As per an earlier discussion (Defining multiple outputs in Logstash whilst handling potential unavailability of an Elasticsearch instance) I'm now using pipelines in Logstash in order to send data input (from Beats on TCP 5044) to multiple Elasticsearch hosts. The relevant extract from pipelines.yml
is shown below.
- pipeline.id: beats
queue.type: persisted
config.string: |
input {
beats {
port => 5044
ssl => true
ssl_certificate_authorities => '/etc/logstash/config/certs/ca.crt'
ssl_key => '/etc/logstash/config/certs/forwarder-001.pkcs8.key'
ssl_certificate => '/etc/logstash/config/certs/forwarder-001.crt'
ssl_verify_mode => "force_peer"
}
}
output { pipeline { send_to => [es100, es101] } }
- pipeline.id: es100
path.config: "/etc/logstash/pipelines/es100.conf"
- pipeline.id: es101
path.config: "/etc/logstash/pipelines/es101.conf"
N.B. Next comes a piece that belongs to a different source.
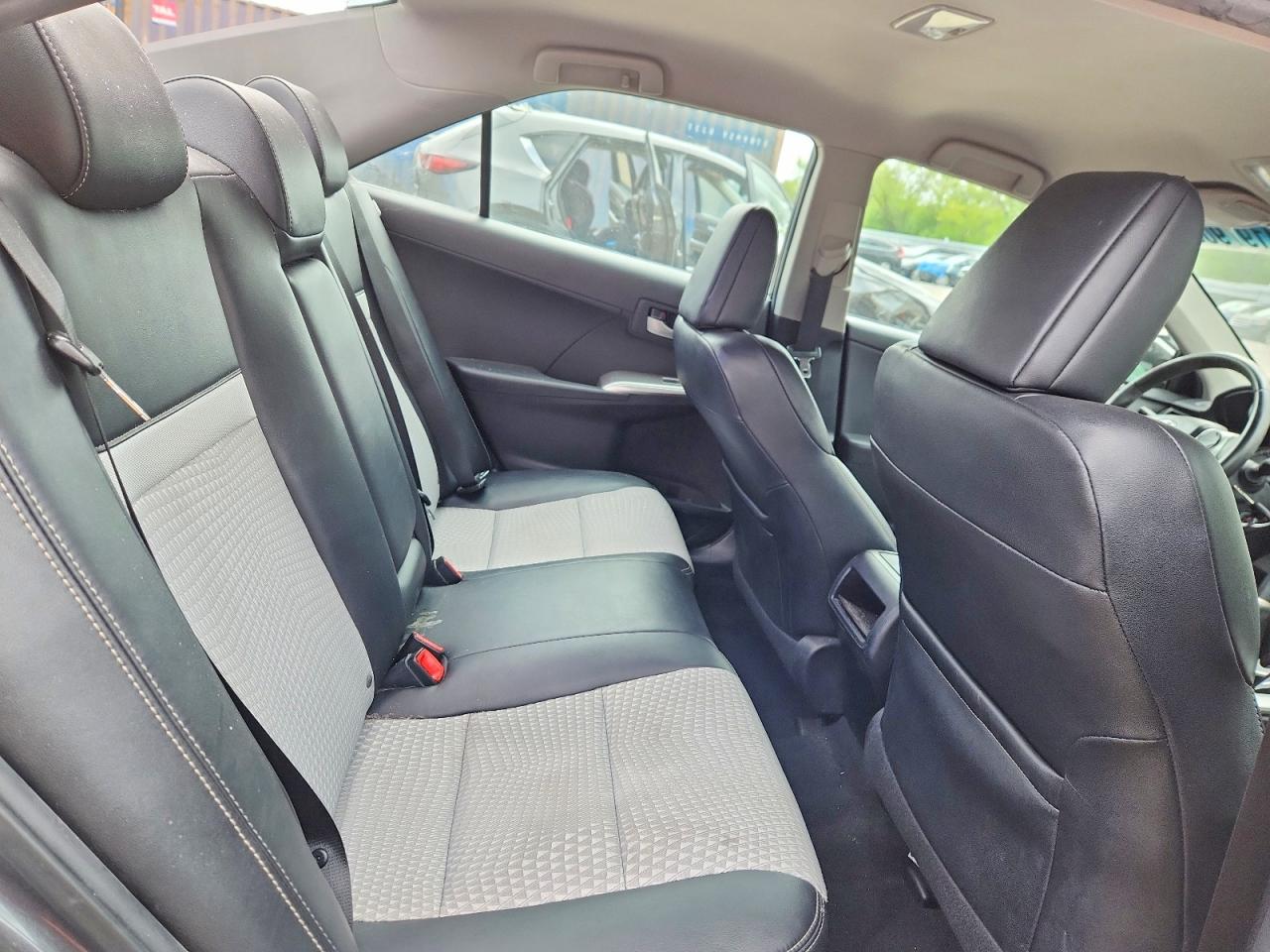 2012 TOYOTA CAMRY SE photo 19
In each of the pipeline .conf
files I have the related virtual address i.e. the file /etc/logstash/pipelines/es101.conf
includes the following:
input {
pipeline {
address => es101
}
}
This configuration seems to work well i.e. data is received by each of the Elasticsearch hosts es100
and es101
.
I need to ensure that if one of these hosts is unavailable, the other still receives data and thanks to a previous tip, I'm now using pipelines which I understand allow for this. However I'm obviously missing something key in this configuration as the data isn't received by a host if the other is unavailable. Any suggestions are gratefully welcomed.
Firstly, you should configure persistent queues on the downstream pipelines (es100, es101), and size them to contain all the data that arrives during an outage. But even with persistent queues logstash has an at-least-once delivery model. If the persistent queue fills up then back-pressure will cause the beats input to stop accepting data. As the documentation on the output isolator pattern says "If any of the persistent queues of the downstream pipelines ... become full, both outputs will stop". If you really want to make sure an output is never blocked because another output is unavailable then you will need to introduce some software with a different delivery model. For example, configure filebeat to write to kafka, then have two pipelines that read from kafka and write to elasticsearch. If kafka is configured with an at-most-once delivery model (the default) then it will lose data if it cannot deliver it.